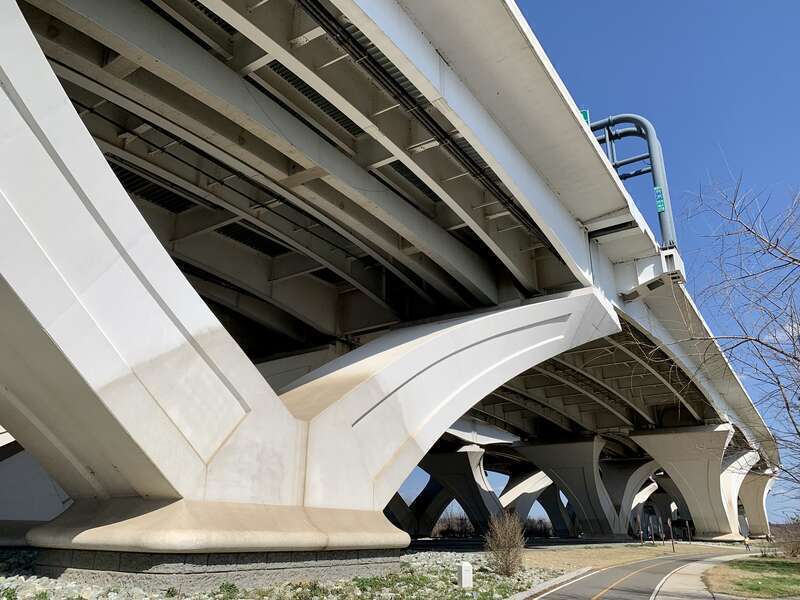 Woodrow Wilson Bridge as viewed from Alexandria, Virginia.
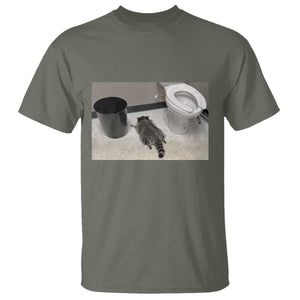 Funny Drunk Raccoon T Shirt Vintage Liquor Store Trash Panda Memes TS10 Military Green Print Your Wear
* * *
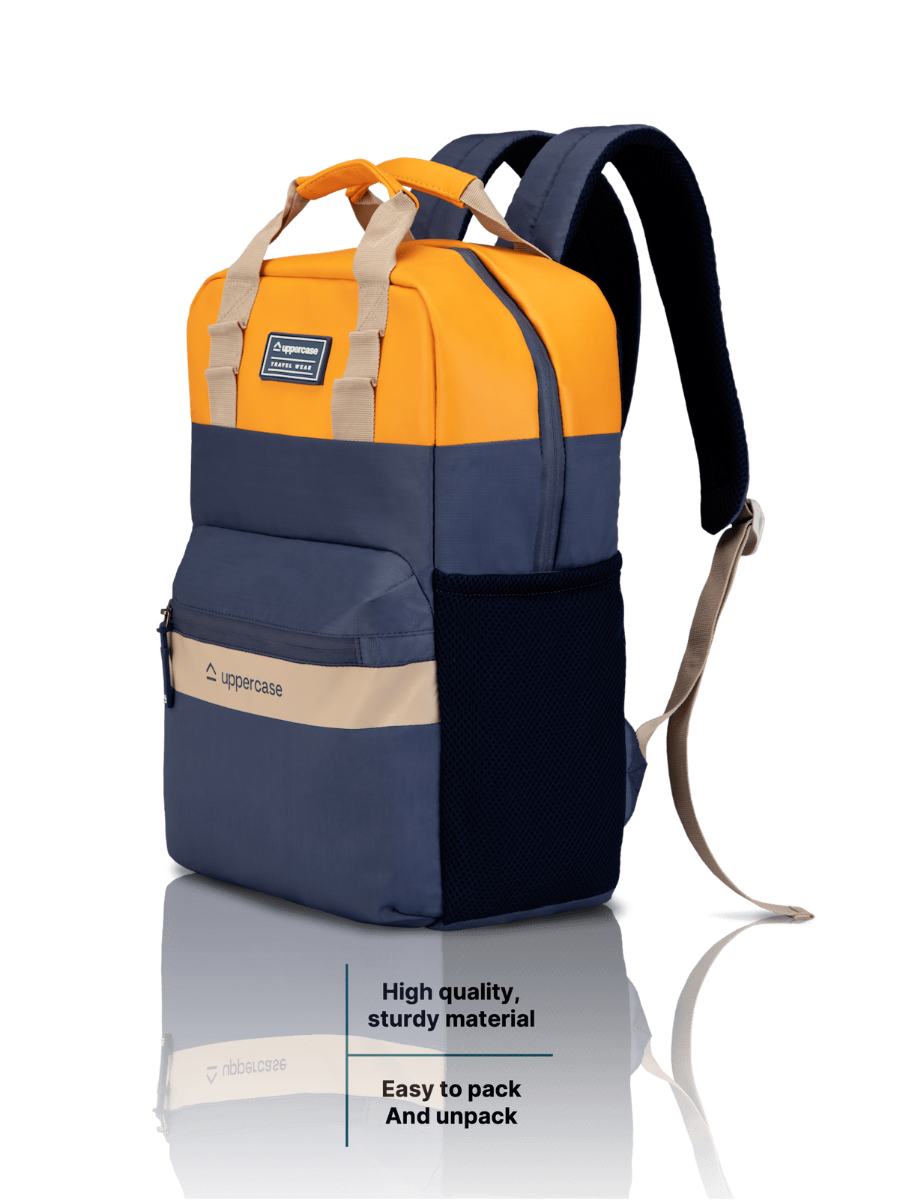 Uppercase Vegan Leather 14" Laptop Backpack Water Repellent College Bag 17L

■ Goal of the exercise ■
Only the lines of the listing above from the one with "Woodrow Wilson Bridge" through the one with "Funny Drunk Raccoon" should be output, exactly, with both ends kept and pictures left out.

■ Task response ■
 Woodrow Wilson Bridge as viewed from Alexandria, Virginia.
 Funny Drunk Raccoon T Shirt Vintage Liquor Store Trash Panda Memes TS10 Military Green Print Your Wear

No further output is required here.